SUPPLIED ENTRIES:
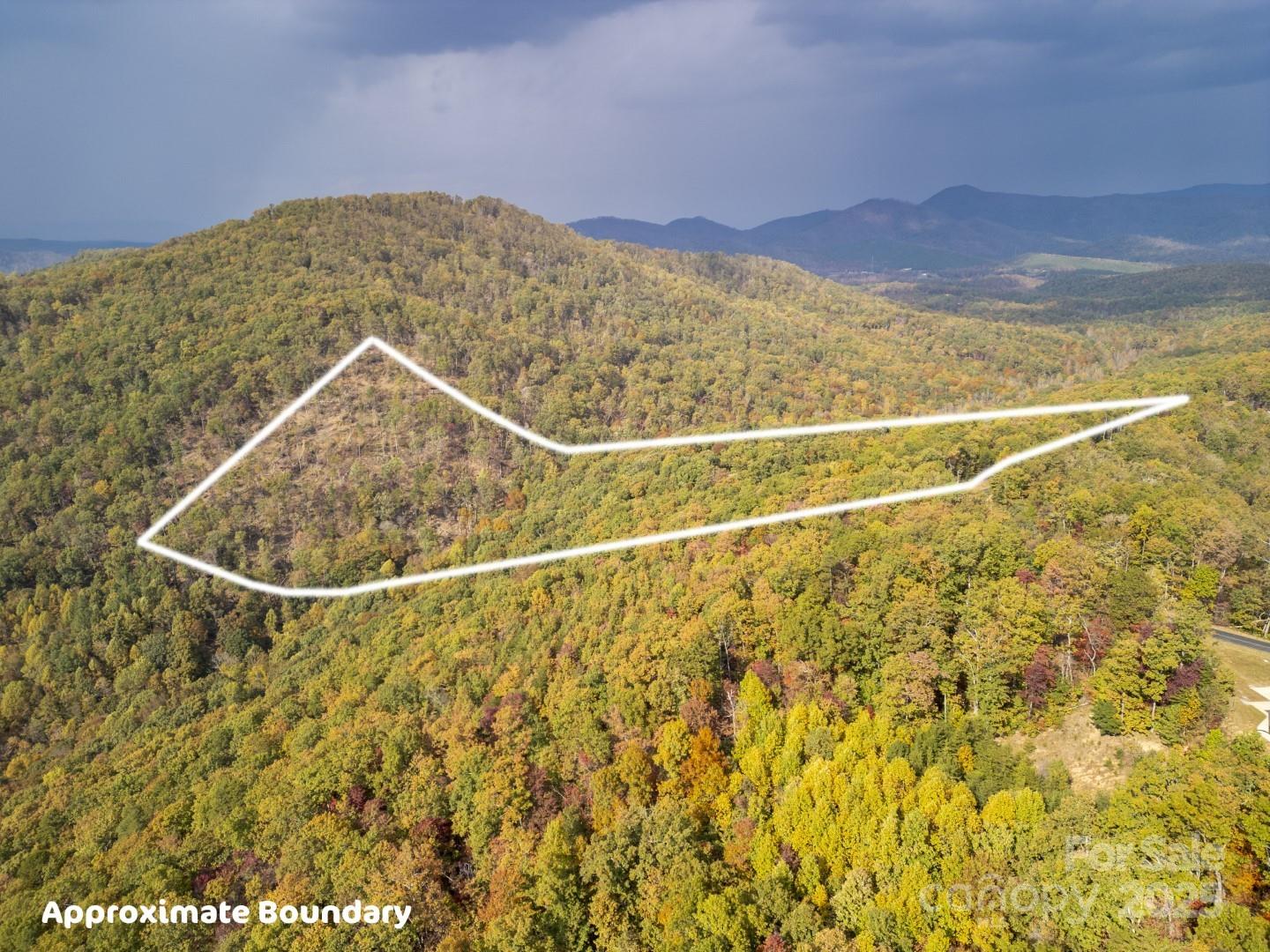 30 Mountain Lookout Drive Property Photo 13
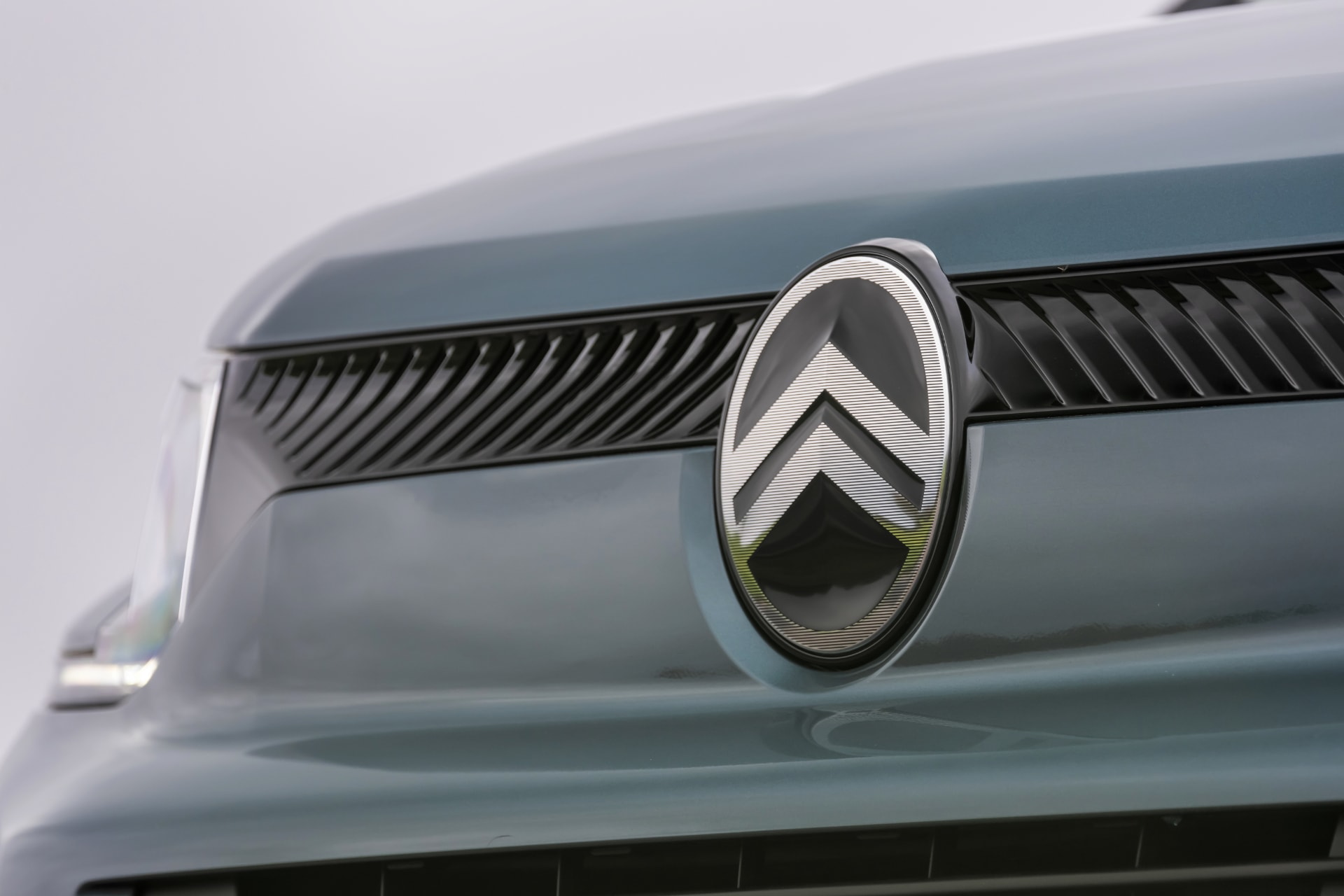 El emblema de Citroën se destaca en la parrilla delantera en una vista cercana.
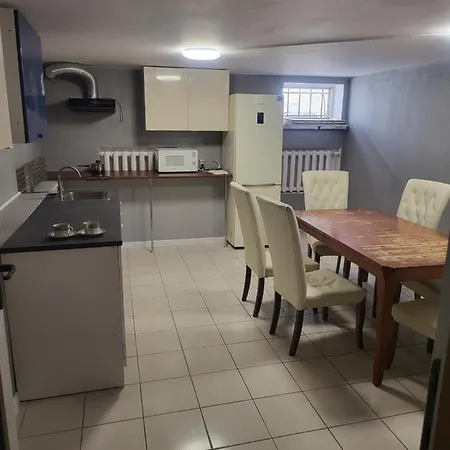 بيت شباب Rooms4rest Wiertnicza - Private For Tourists وارسو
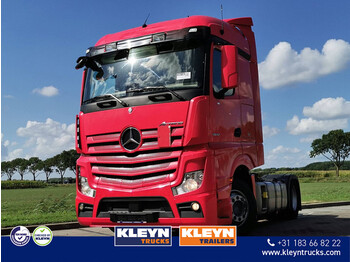 Tractor unit Mercedes-Benz ACTROS 1842 LS streamspace 2x tank: picture 1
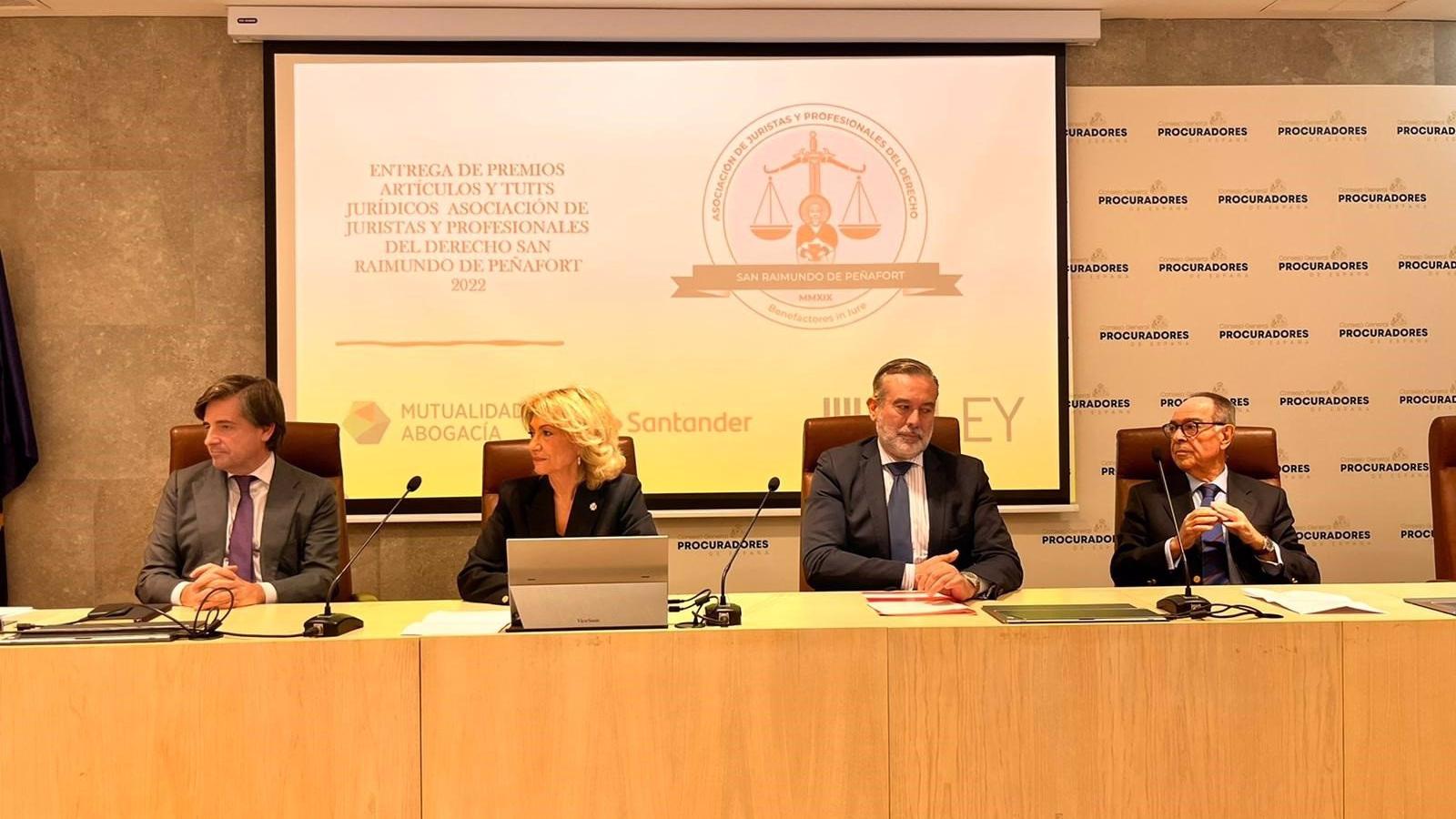 Enrique López defiende la división de poderes como condición previa a cualquier acto institucional en una democracia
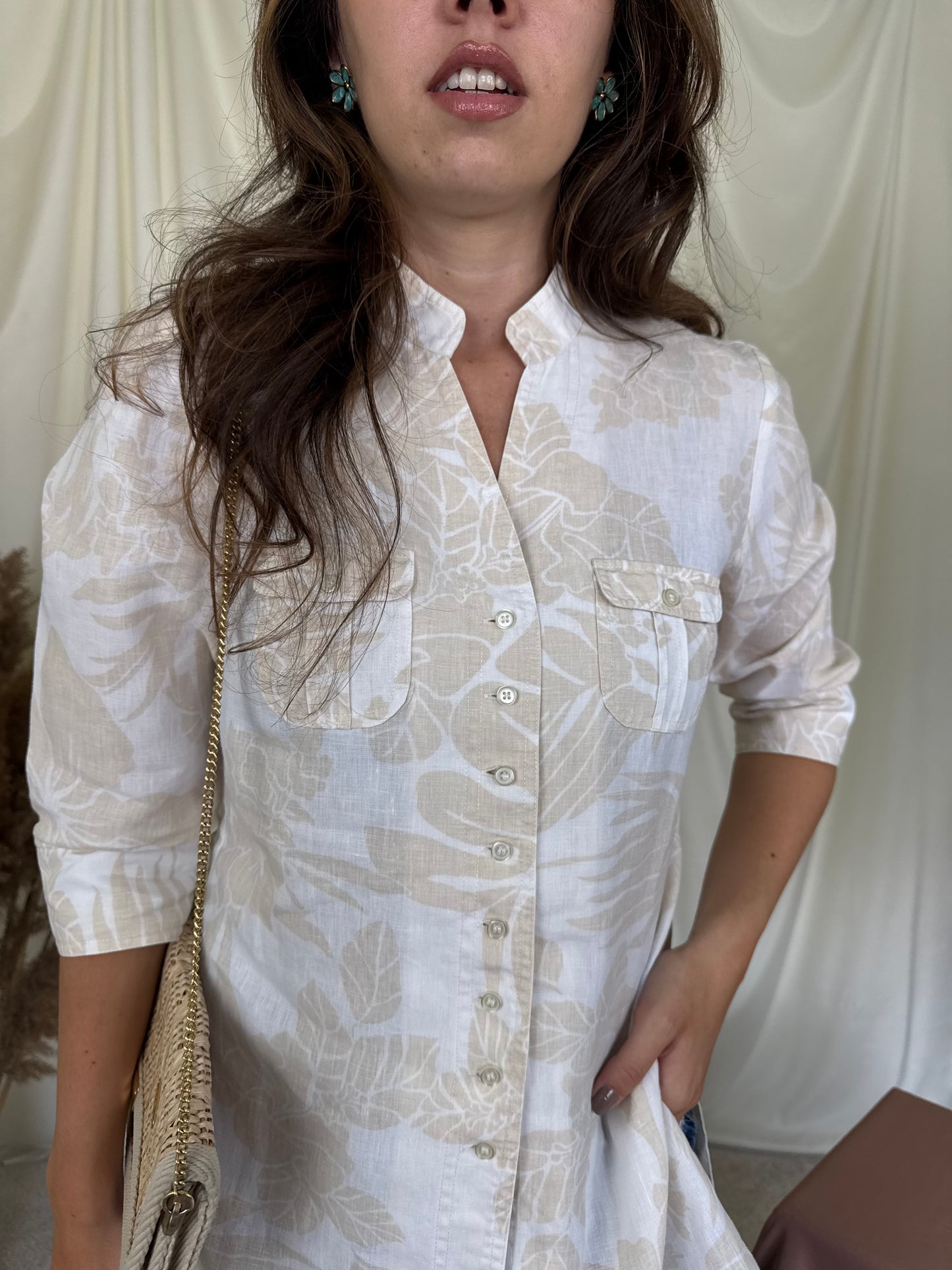 Cămașă superbă din 100% in cu print floral 
(Mărimea S/M)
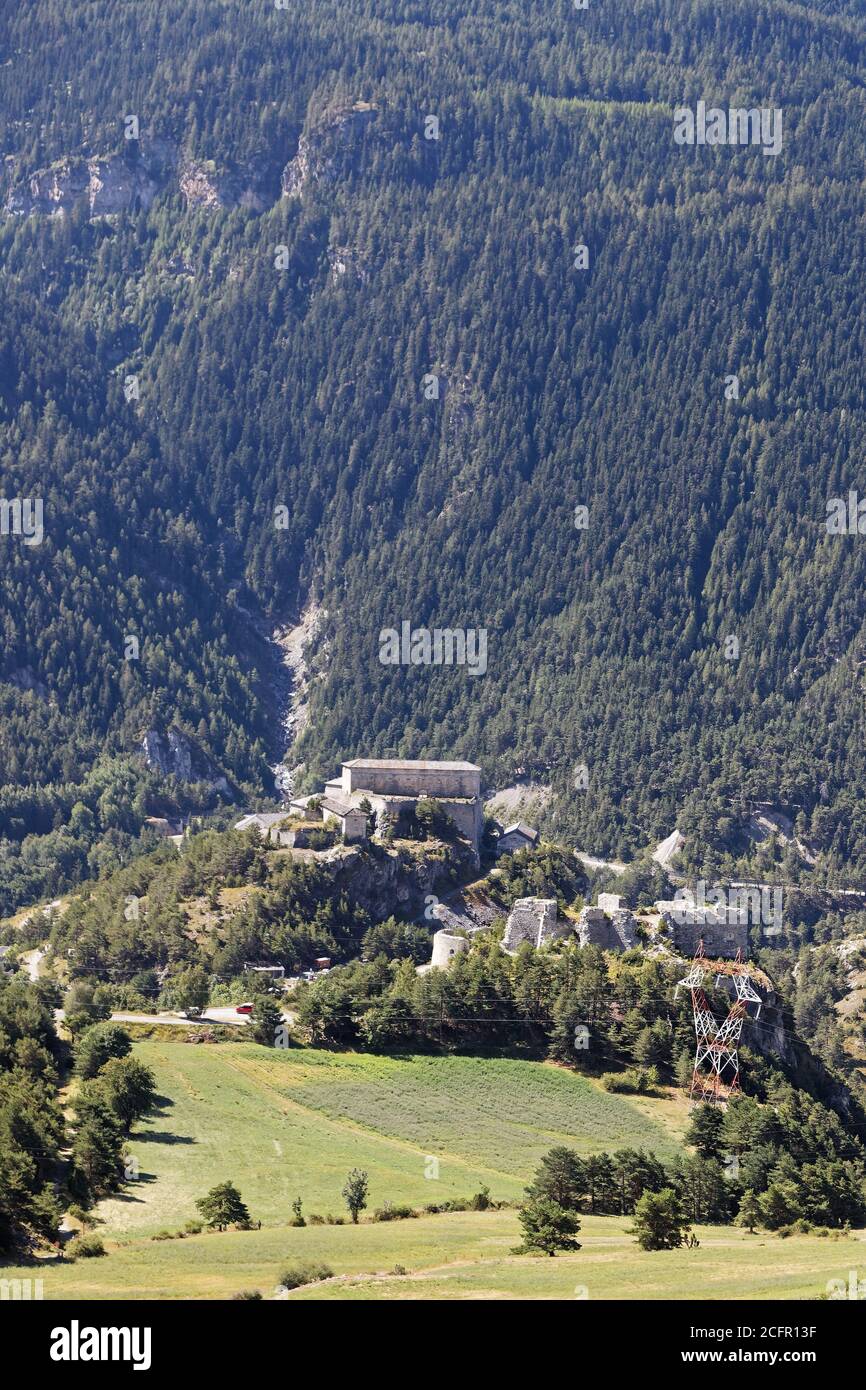 Maurienne alte Festung in einem Wald und Berglandschaft Stockfoto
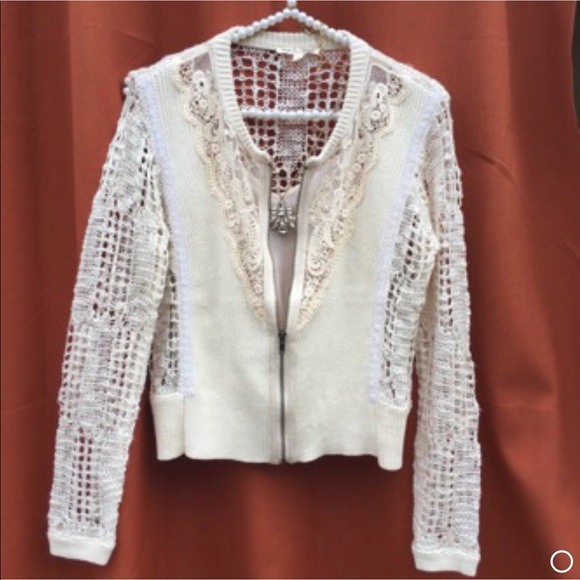 ‼️SOLD‼️. LACE & KNIT ‼️SOLD‼️ - Picture 5 of 8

REQUIRED WORK: Leave out any pictures and return exactly the lines from the beginning of the data through the line with "Maurienne alte Festung", inclusive.

SOLVED EXERCISE:
 30 Mountain Lookout Drive Property Photo 13
 El emblema de Citroën se destaca en la parrilla delantera en una vista cercana.
 بيت شباب Rooms4rest Wiertnicza - Private For Tourists وارسو
 Tractor unit Mercedes-Benz ACTROS 1842 LS streamspace 2x tank: picture 1
 Enrique López defiende la división de poderes como condición previa a cualquier acto institucional en una democracia
 Cămașă superbă din 100% in cu print floral 
(Mărimea S/M)
 Maurienne alte Festung in einem Wald und Berglandschaft Stockfoto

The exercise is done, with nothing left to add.